Review by WishingTikal
"Hard is the new fun?"
Known as Final Fantasy Gaiden in Japan and FF: 4 Heroes of Light here as elsewhere, this new spin-off entry (this is NOT a remake of the original!) is harsh and unforgiving. Don't be misled by the cute cartoon graphics; the game hits like a truck. And it hits hard. This is one of the most difficult RPGs I've played in a while, so despite its look, it's definitely not a beginner's RPG. Final Fantasy Gaiden will be enjoyed most by fans of the old-school, traditional formula (a la Dragon Quest) and those who like a challenge in them RPGs. If you get frustrated easily, this game is not for you. If you have a strategic mind and enough patience, however, FF Gaiden will provide a lengthy quest and turn to be a lot of fun down the road. It just takes a lot to get there.
In the same fashion as the original Final Fantasy, FF Gaiden doesn't hold much of a story. You start off in a small peasant village where everyone gets turned to stone, after which the princess disappears, and then you are left alone to save the world, with little to no indication as to what to do. Soon enough, three other kids, including the princess, will join your party, but not for long, as you will find yourself alone again. This is one of the most frustrating aspects of the game as you start. The game is called 4 Heroes of Light, but for the first half of the game, you are on your own. Not until the second half of the game do you finally get a full, permanent party. One minute you are completely alone, the next you will have a party member, just to be alone again the next minute. The party is split to different locations at the very beginning, and the game constantly switches from one character to the other, so you spend the first part of the game following the different party members as they travel separately across the land. Occasionally they will team up in pairs of two, but mostly you will be playing solo.
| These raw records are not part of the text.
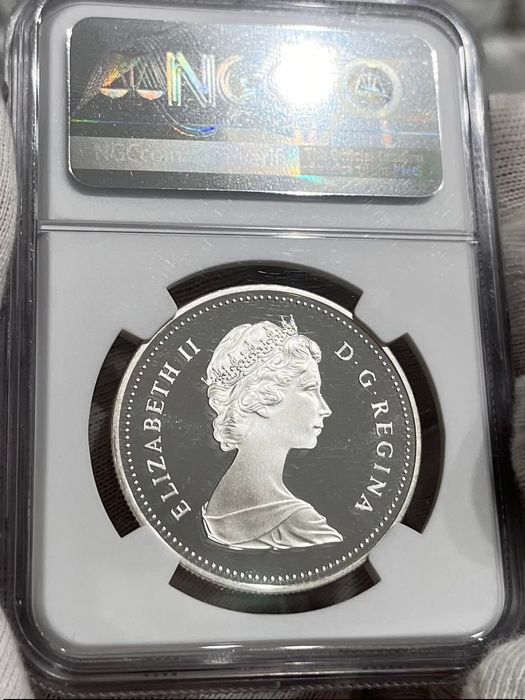 Долар 1983р. Канада, Xll Універсіада в Едмонтоні. СРІБЛО. СЛАБ.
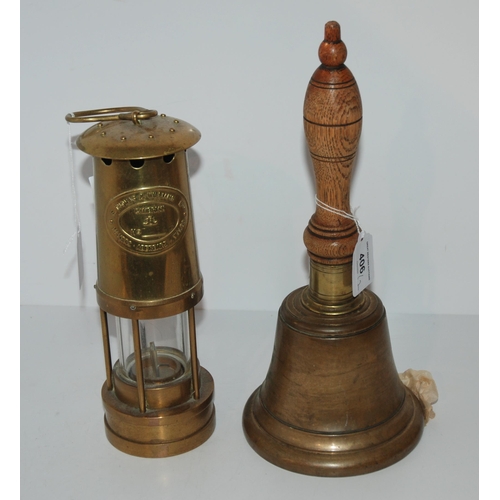 406 - A brass hand bell and E. Thomas & Williams Ltd Cambrian lamp (2)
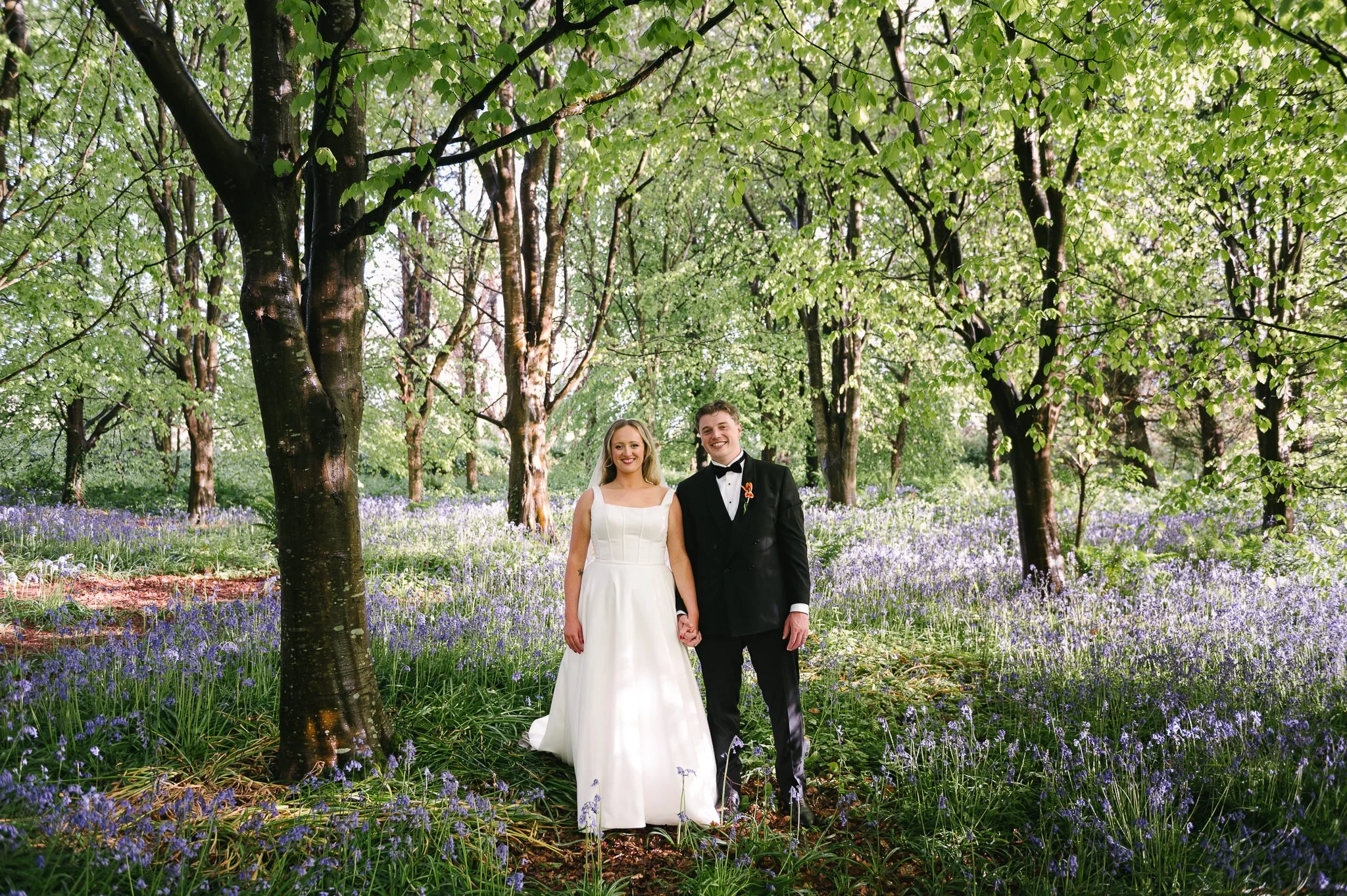 Bride &amp; Groom in the woods at The Mill House surrounded by bluebells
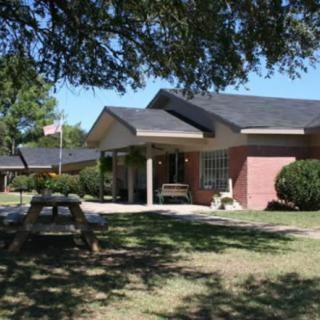 A school building with a picnic bench under a large tree.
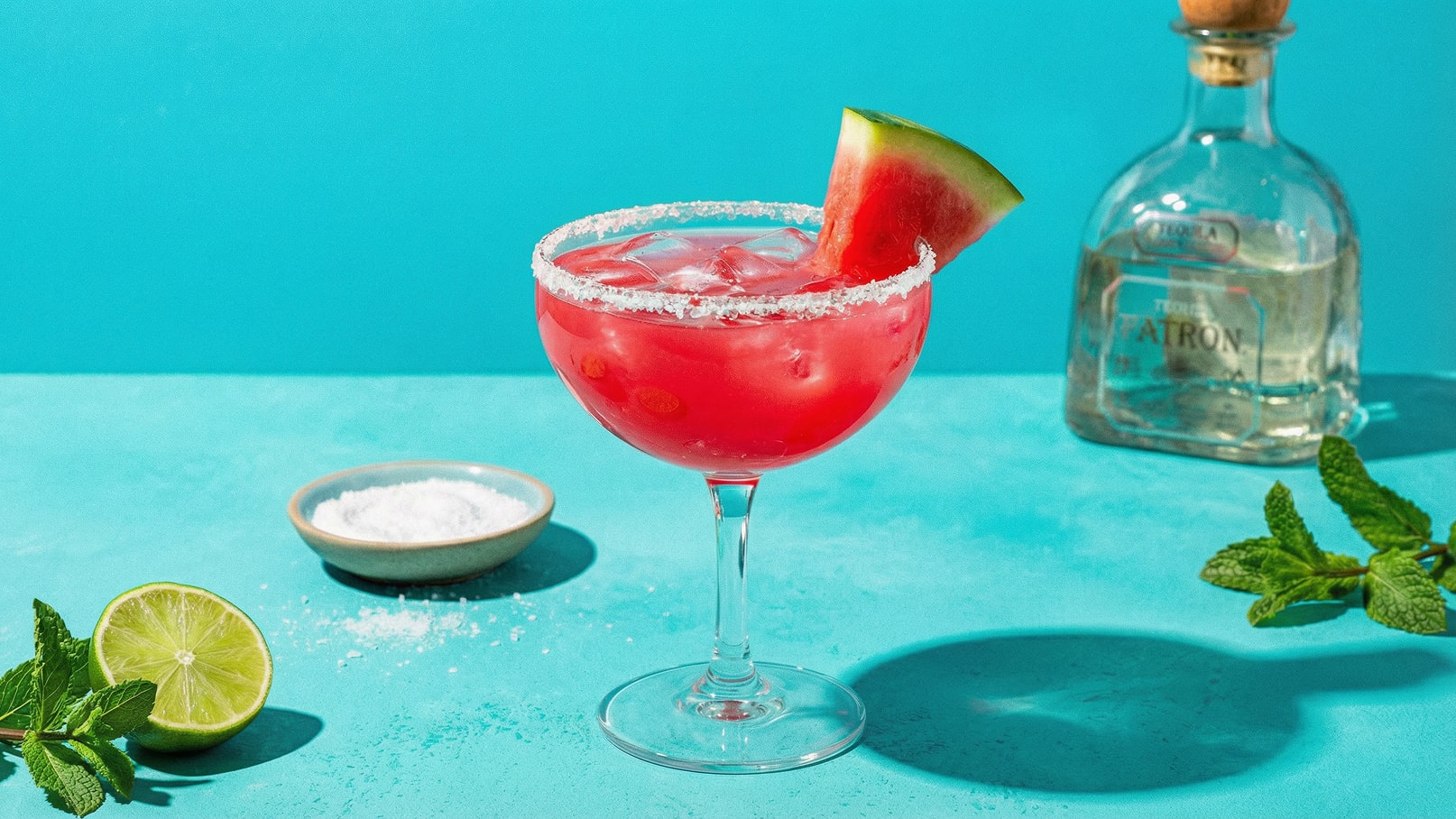 Ein buntes Glas mit einem pinken Cocktail, der mit Eis gefüllt ist und an den Rändern mit Salz bestreut ist. Ein Stück Wassermelone dekoriert das Glas. Neben dem Cocktail sind eine halbe Limette und eine Schale mit weißem Salz. Der Hintergrund ist in kräftigem Türkis gehalten.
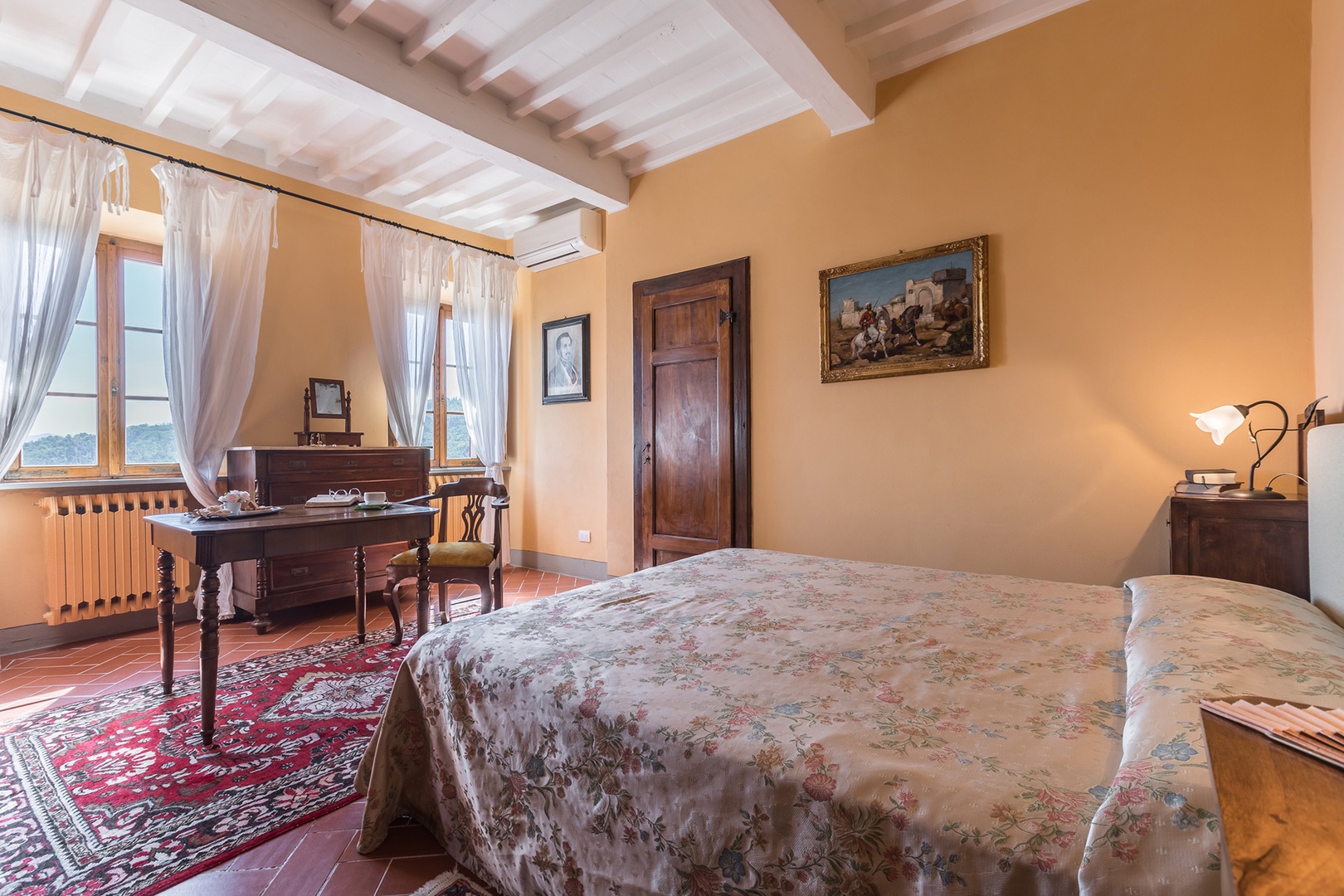 Light filled bedroom 5 with a beautiful view and en suite bathroom.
This makes the game incredibly hard, coupled with many other things that also make the game very difficult. You don't have much HP at first (near the end of the game I only had a bit over 150 HP) and the enemies hit very hard, so going through whole dungeons alone is nerve-racking. Add to this you can't run from battles, can't target enemies, and can only save the game every now and then. The battle system also doesn't work with MP, but with AP (Action Points) rather. For the whole game, you only have 5 AP, and it never increases. All the actions you take on the battlefield use a certain number of AP (most spells take 2 or 3), so you are very limited in what you can do within each turn. Refilling AP wastes a turn, plus using items and healing also consumes 1 or 2 AP. With the full party, the game uses the AP system very efficiently, but with only one or two characters, you really need to think about how to save up your AP. Leveling-up also does nothing, as the enemies will level-up along with you, so FF Gaiden is really all about being strategic. Since you can only store 15 items on one character at a time, you also really need to think about what to bring, and what to leave behind. When the game switches over to another party member, your items don't carry over, so learning how to manage your stuff becomes really important.
Just like FF3, there is a job/class system that can be used in FF Gaiden under the name of "crowns". As you progress through the game, you will obtain different crowns (for a total of 25) that your characters can wear to change appearance and skills. One will let you flee fights, one will let you steal items, increase various stats, or let you use white or black magic at lower costs (just to name a few). You can upgrade the crowns to obtain more skills, by collecting gems that are randomly dropped by enemies. Needless to say, the crown system is very nice and must be made use of to overcome the game. As mentioned previously, strategy is very important in this game, so choosing the right crowns to upgrade and equipping the right ones will really take you a long way. I think I have never needed to start boss battles over and re-think my whole strategy so often in an RPG before. They really redefined the word hard with this game, yet it feels all the more satisfying when you finally come up with the right strategy. At times I wanted to throw the game away because it was too tough, then the minute after I was having a blast preparing my party for challenging battles to come.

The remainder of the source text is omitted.